Ok, here is just another couple of points.
If I is an ideal of a ring R, then I is first and foremost an additive subgroup of the group (R, +).
Since $Z_{12} = <1>$ is a cyclic subgroup under addition. There is exactly one unique subgroup of size p where p is a divisor for 12. So the divisors are 1,2,3,4,6,12And these additive subgroups are (Subgroup of 1 element)$<1^{12/1}>$,(Subgroup of 2 elements $<1^{12/2}>$, (Subgroup of 3 elements)$<1^{12/3}>$ etc...
All these additive subgroups (Denoted by S) are ideals of $Z_{12}$ for if $ r \in Z_{12} $ and $ x \in S $ then x*r = r * x = x + x + x + x.. + (r times) $\in S$ (since S is closed under addition).

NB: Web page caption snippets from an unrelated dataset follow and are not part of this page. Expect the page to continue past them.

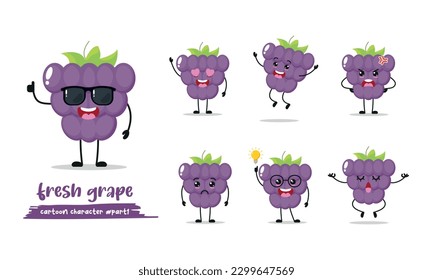 cute grape with different activity face expression. fruit with many emotion vector illustration flat design.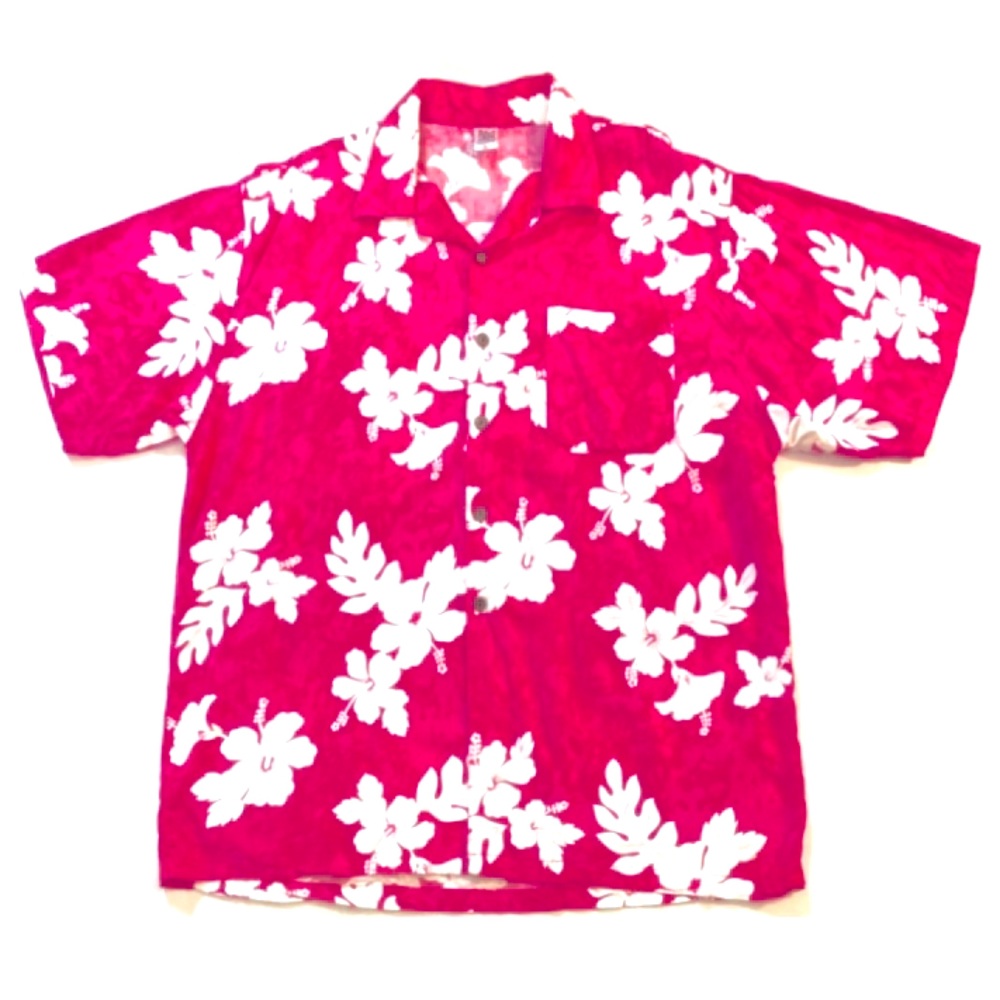 Bali Moon pink & white floral Hawaiian shirt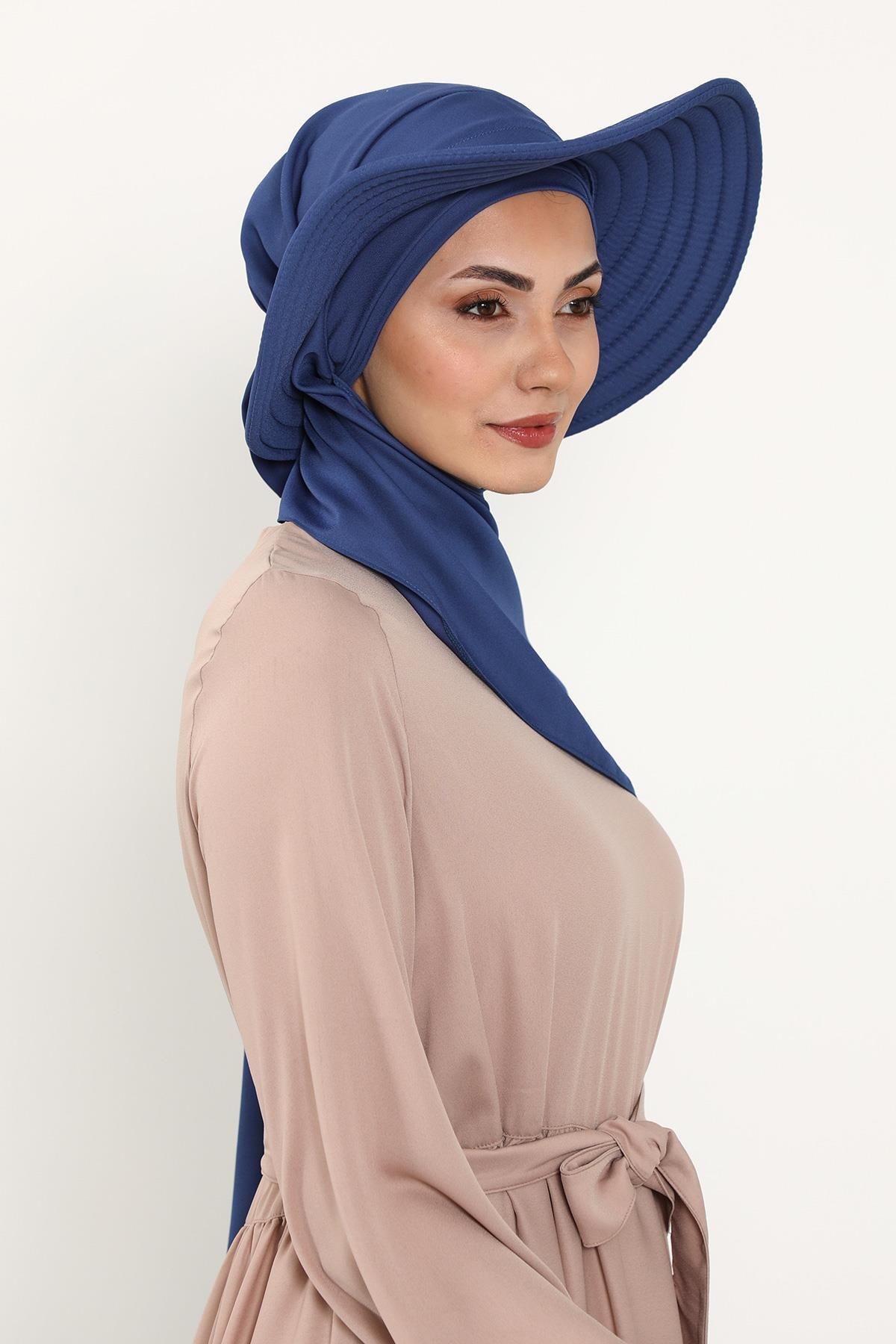 Aisha's Design-Practical Crepe Shawl Turban with Removable Bowknot Hat on the Back,Ss-9 7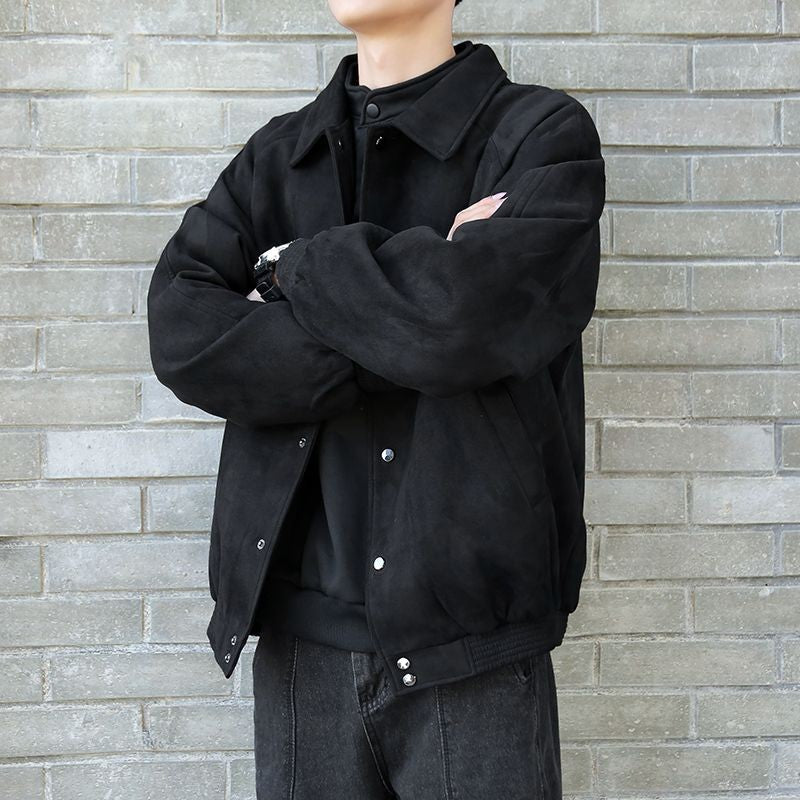 Men's Fashion Vibe Style Faux Suede Oversized Casual Jacket Autumn Streetwear Trendy Bomber with Premium Look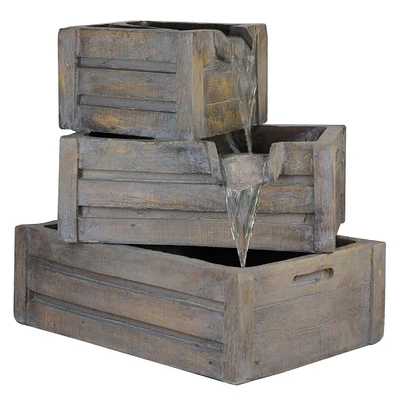 21" Brown Three Tier Planter Boxes Outdoor Water Fountain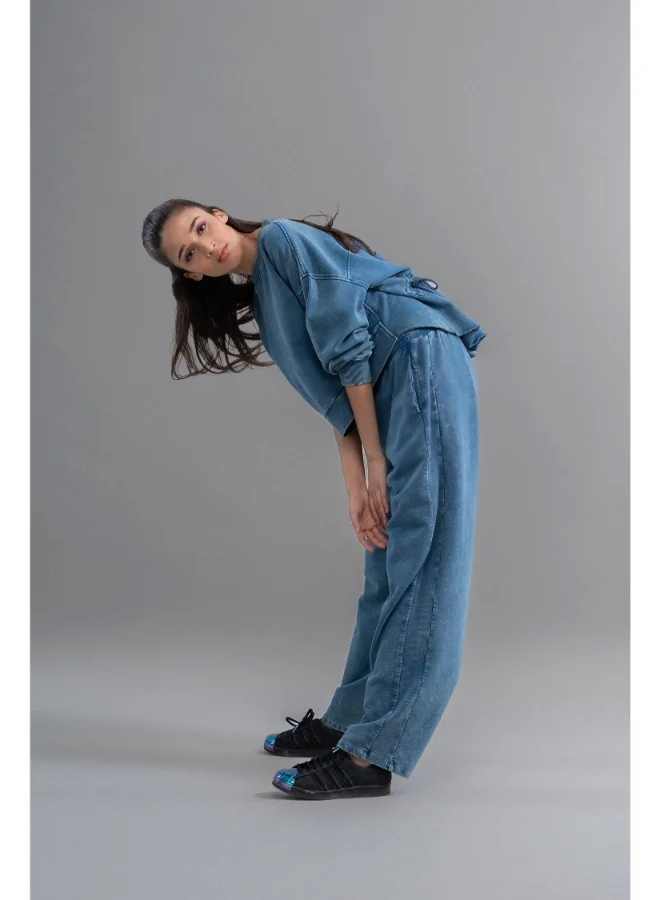 NeceSera Denim Wash 100% Cotton Terry Straight Travel Pant
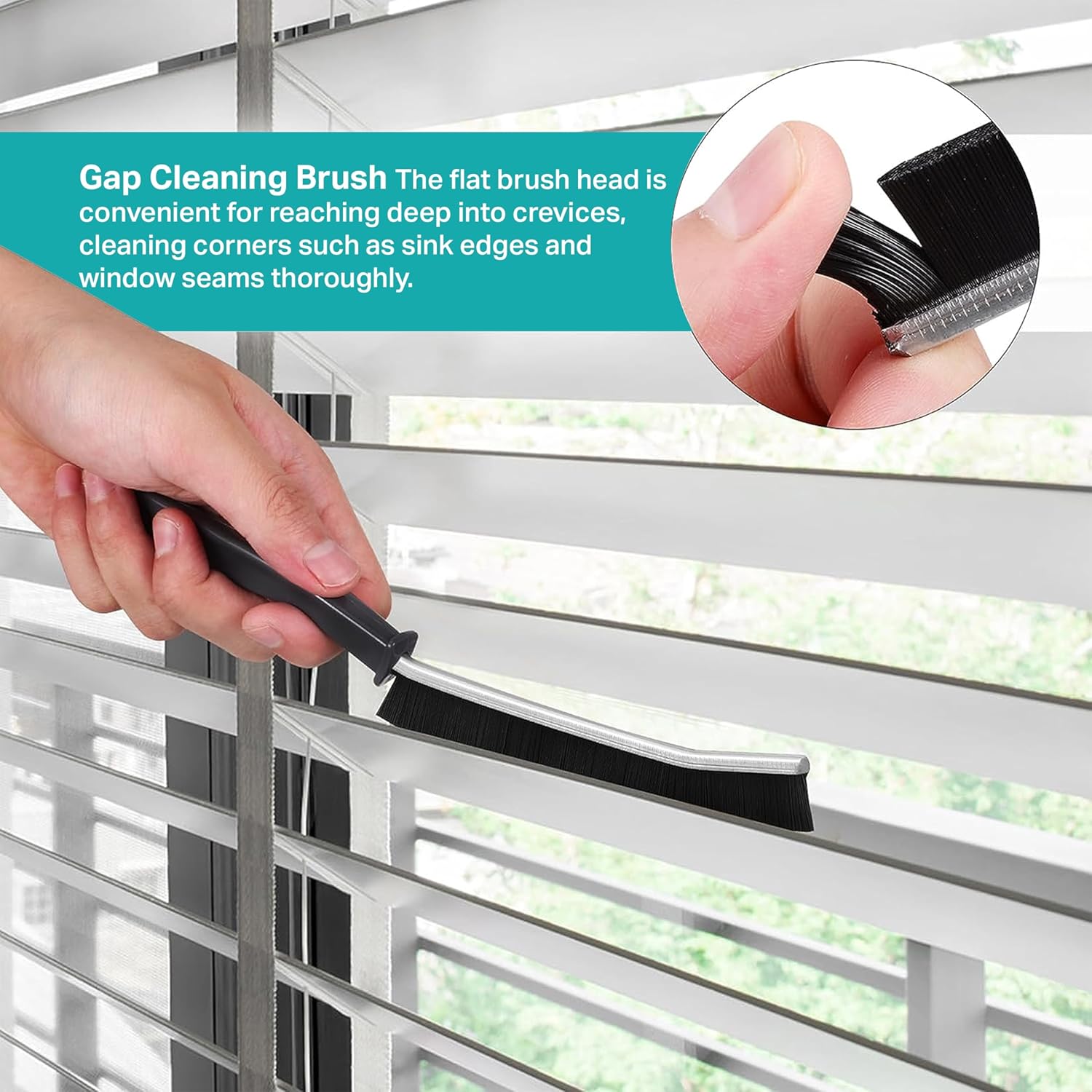 Black Hard Bristle Crevice Cleaning Brush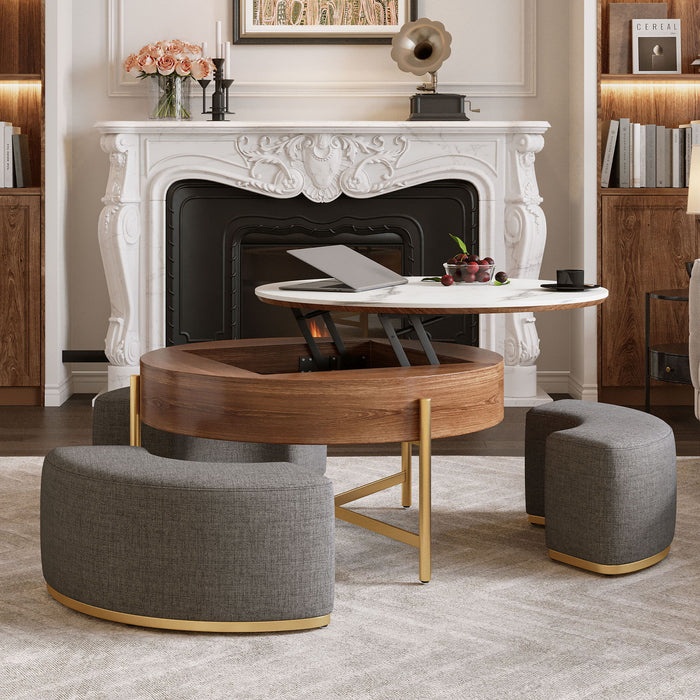 Lift Top Round Coffee Table With Hidden Storage, 3 Upholstered Nesting Ottomans - Brown / Gray / Golden / White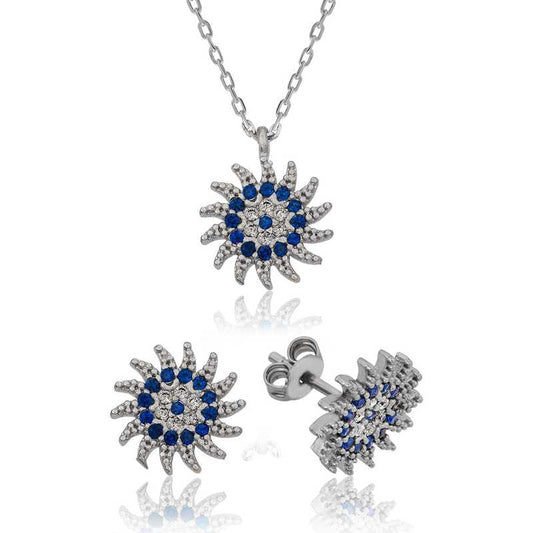 Parure argentée pour femme Motif soleil et mauvais œil
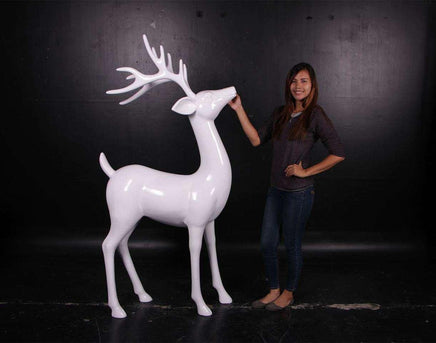 White Reindeer Standing Life Size Statue - LM Treasures 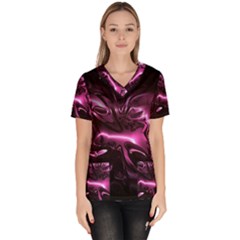 Black Magenta Abstract Art Women s V-neck Scrub Top by SpinnyChairDesigns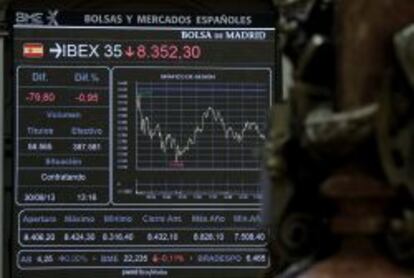 Imagen de la cotizaci&oacute;n del Ibex en la Bolsa de Madrid. 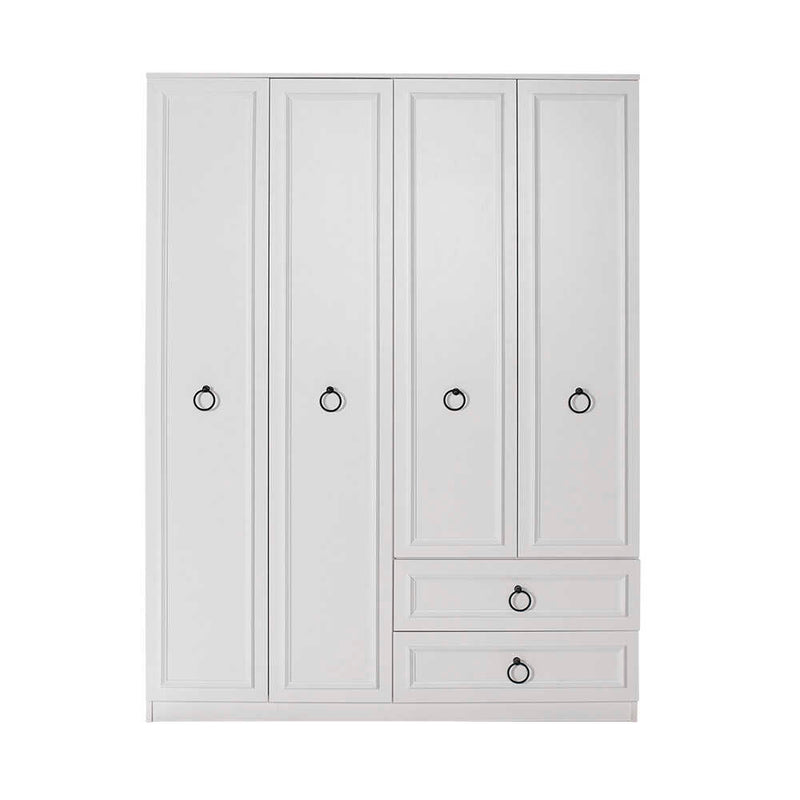 Dulap Haine Adore Hampton, 4 usi si 2 sertare, Alb, 140x185x52 cm, foto produs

It is not hard to show that for any cyclic ring R(Ring with a cyclic group under addition), the ideals of R are the subgroups of (R,+), Hence ideals of size p where p divides the order of R
Now for any ideal I of $Z_{12}$, the order of $Z_{12}/I$ is $12/d$ where d is a divisor of 12. So yu have order of $Z_{12}/I$ = 1,12,6,4,3,2. So we know for I to be maximal $Z_{12}/I$ must be a field, or must have order $p^n$ where p is a prime and n is a positive integer. so the ideals where the order of $Z_{12}/I$ = 4,3,2. are maximal ideals. Or maximal ideals are 3$Z_{12}$,4$Z_{12}$ $6Z_{12}$.
Thus these are also prime ideals.
The others, namely, $Z_{12}/2Z_{12} \cong Z_6$, is not a prime ideal because 2*3 = 0 $\in Z_6$, which means it has atleast one zero divisor. and $Z_{12}/12Z_{12} \cong Z_{12}$ $\{e\}$is also not prime since 6*2 = 0 $\in Z_{12}$(We do not include the ideal $Z_{12}$ in consideration for being a "prime" ideal, akin to how we don't say 1 is a prime number.